I've rather pompously made some predictions on what Web 3.0 may constitute:
• Personal metadata ownership and management: initiatives such as AttentionTrust, Structured Blogging and Microformats are building infrastructure which supports the notion that data is the property of the user, not the platform owner. Data can be moved from one service or device to another at will, it can be exchanged for something of value, but the user has the right to know who is using it and how. Structured blogging enables user-generated microcontent to be stored in its appropriate schema and syndicated as an identifiable content-type to any third party that requires it. This new paradigm provides far greater user control, and enables a new class of web app; Edgeio, for example, aggregates specific microformats (in this case classified adverts) and builds a service around them; KritX does the same for reviews;
• Implicit data capture: architectures of participation are worthwhile in theory, but only a small percentage of users will actually add value through content submissions. The goal is to architect a system where participation happens by default.

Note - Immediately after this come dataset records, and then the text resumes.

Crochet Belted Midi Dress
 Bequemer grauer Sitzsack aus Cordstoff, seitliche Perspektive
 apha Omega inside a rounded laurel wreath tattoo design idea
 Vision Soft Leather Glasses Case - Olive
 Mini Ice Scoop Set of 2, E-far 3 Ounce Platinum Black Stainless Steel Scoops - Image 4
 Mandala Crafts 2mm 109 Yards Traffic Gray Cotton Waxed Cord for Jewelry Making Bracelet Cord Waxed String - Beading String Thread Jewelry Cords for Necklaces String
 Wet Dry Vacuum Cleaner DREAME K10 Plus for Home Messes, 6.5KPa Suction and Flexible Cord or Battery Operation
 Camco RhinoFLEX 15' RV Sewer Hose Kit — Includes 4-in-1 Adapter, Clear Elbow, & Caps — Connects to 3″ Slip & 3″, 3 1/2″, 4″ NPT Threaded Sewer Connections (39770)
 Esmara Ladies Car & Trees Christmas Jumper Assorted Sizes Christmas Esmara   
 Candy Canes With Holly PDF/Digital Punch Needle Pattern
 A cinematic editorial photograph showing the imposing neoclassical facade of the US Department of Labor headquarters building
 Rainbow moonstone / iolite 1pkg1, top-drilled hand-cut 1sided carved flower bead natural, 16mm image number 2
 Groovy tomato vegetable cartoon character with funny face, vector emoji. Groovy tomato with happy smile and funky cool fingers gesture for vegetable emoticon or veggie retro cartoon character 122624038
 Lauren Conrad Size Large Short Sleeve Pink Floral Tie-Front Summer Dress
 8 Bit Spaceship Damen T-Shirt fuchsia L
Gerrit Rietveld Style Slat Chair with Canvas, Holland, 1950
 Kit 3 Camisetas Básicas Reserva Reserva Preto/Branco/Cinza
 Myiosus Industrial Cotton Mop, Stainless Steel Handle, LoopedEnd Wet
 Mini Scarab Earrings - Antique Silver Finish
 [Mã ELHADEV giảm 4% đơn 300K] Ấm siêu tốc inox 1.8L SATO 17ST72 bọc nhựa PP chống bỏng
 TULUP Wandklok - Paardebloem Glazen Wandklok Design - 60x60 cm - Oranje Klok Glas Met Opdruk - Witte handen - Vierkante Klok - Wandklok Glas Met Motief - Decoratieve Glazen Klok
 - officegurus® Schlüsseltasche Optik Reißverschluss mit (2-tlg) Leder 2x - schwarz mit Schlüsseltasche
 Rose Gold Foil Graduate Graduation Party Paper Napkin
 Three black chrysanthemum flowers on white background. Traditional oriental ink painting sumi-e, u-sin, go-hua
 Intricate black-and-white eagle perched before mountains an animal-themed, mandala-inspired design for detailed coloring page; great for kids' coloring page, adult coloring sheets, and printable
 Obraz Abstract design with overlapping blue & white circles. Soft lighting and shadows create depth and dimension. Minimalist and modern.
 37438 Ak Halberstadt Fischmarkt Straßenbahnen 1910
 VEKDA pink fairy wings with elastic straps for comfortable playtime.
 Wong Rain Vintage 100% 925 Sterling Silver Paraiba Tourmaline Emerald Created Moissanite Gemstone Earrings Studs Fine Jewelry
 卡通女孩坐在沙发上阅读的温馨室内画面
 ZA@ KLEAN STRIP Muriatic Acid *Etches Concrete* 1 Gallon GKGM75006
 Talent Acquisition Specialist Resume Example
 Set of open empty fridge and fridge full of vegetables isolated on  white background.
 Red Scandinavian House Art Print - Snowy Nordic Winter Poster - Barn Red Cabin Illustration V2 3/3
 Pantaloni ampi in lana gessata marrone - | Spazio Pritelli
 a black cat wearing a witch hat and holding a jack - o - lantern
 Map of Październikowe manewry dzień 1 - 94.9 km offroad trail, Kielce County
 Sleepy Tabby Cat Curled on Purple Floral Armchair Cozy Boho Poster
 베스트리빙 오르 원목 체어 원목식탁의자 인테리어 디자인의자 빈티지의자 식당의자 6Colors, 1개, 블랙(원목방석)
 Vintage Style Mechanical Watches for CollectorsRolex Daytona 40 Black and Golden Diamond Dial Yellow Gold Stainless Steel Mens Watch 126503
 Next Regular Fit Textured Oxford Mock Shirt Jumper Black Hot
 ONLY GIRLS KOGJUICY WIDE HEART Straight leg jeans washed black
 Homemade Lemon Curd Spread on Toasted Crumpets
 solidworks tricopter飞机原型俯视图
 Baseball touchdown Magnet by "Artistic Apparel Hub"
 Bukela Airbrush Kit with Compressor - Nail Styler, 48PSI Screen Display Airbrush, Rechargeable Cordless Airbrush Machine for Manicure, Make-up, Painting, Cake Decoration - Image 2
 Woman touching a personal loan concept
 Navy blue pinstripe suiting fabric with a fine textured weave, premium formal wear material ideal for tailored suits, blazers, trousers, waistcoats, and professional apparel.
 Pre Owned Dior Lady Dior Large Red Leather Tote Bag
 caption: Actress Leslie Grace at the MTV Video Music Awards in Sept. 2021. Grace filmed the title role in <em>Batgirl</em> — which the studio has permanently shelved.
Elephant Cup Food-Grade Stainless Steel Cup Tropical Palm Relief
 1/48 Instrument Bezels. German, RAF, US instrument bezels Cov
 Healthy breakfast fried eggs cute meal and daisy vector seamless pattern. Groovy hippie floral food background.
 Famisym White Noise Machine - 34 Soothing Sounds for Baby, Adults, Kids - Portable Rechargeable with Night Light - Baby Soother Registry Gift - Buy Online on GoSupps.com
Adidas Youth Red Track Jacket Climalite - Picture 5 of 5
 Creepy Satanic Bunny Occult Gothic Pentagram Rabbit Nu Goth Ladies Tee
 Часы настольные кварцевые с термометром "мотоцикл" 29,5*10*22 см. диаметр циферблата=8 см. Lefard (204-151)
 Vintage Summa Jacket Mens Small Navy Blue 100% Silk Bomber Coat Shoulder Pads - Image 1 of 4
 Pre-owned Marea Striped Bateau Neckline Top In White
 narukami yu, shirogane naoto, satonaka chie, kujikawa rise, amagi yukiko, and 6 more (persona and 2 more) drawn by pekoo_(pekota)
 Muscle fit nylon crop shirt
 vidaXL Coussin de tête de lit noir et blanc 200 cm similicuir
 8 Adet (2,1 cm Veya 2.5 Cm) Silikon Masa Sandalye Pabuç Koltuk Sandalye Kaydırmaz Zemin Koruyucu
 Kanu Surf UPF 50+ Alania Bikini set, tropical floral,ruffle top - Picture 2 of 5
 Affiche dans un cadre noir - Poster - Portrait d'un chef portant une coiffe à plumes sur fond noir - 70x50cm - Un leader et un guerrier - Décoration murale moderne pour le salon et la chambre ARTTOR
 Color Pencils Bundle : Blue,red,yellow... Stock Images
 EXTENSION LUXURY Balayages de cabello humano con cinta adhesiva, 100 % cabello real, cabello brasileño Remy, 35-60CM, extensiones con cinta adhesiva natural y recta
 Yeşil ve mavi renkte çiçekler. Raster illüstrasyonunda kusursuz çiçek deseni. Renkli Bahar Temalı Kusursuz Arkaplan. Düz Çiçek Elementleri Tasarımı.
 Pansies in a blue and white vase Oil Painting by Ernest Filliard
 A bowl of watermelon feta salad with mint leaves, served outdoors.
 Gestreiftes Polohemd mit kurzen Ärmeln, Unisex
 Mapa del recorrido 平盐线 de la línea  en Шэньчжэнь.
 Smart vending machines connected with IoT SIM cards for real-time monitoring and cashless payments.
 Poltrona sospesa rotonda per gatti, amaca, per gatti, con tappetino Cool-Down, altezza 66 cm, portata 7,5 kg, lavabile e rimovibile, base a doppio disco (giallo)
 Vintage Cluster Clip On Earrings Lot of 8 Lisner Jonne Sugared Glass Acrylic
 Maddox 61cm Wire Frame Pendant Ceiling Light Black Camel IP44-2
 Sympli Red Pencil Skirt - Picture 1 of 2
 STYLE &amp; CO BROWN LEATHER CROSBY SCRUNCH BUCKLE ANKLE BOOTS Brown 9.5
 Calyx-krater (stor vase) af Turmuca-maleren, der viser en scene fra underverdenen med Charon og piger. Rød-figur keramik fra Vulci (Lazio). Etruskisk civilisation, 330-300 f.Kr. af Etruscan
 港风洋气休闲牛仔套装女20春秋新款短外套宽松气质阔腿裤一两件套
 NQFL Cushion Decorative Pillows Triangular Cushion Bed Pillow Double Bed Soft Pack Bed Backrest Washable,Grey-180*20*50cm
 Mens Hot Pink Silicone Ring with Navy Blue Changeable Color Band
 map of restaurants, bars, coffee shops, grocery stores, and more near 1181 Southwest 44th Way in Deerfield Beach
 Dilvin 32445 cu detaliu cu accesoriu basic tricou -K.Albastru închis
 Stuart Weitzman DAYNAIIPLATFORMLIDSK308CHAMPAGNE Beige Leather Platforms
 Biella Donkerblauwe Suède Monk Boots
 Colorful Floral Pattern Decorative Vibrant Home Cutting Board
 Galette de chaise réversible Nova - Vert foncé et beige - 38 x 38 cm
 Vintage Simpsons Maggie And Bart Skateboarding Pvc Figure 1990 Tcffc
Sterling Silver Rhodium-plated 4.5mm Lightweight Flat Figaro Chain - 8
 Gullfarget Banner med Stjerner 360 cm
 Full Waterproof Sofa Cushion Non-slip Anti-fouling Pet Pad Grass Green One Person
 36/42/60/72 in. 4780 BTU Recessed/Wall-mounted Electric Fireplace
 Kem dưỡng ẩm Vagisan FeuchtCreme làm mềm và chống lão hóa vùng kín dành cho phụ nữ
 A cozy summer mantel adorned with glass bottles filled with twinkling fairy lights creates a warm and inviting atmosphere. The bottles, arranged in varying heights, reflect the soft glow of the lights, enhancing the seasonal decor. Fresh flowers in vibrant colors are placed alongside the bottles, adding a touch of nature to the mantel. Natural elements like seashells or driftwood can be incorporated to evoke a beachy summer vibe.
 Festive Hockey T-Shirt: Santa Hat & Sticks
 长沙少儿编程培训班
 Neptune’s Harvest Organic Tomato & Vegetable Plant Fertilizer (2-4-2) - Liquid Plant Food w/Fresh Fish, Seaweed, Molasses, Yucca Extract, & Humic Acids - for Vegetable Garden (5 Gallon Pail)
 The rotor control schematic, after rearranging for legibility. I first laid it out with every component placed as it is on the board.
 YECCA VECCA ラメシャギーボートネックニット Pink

Applications such as OnLife, Octave, Last.fm and Root Markets have begun to address this problem by ensuring that metadata capture is invisible and requires no real effort on the user's part;
• Self-ethnography: some discussion is now taking place abound ‘datablogging’, ‘personal data mining’ and ‘meta-experiences.’ Once systems are capable of implicit data capture, what kinds of services will emerge for mining and presenting the resultant data? The value of these services, according to Ed Batista, is “the experience of comprehending and assessing that information is derived from a previous (or concurrent) experience”;
• Personalisation and attenuation: most mashups are currently ‘dumb’. The problem with such services is their inability to filter and personalise the huge quantities of available information. Attenuation (i.e. the reduction of ‘information noise’) is of such importance that it occupies the thematic core of O’Reilly’s 2006 Emerging Technology conference. The emergence of open-source inference engines will enable developers to build intelligence into web apps, and capitalise on the nascent ‘attention economy’.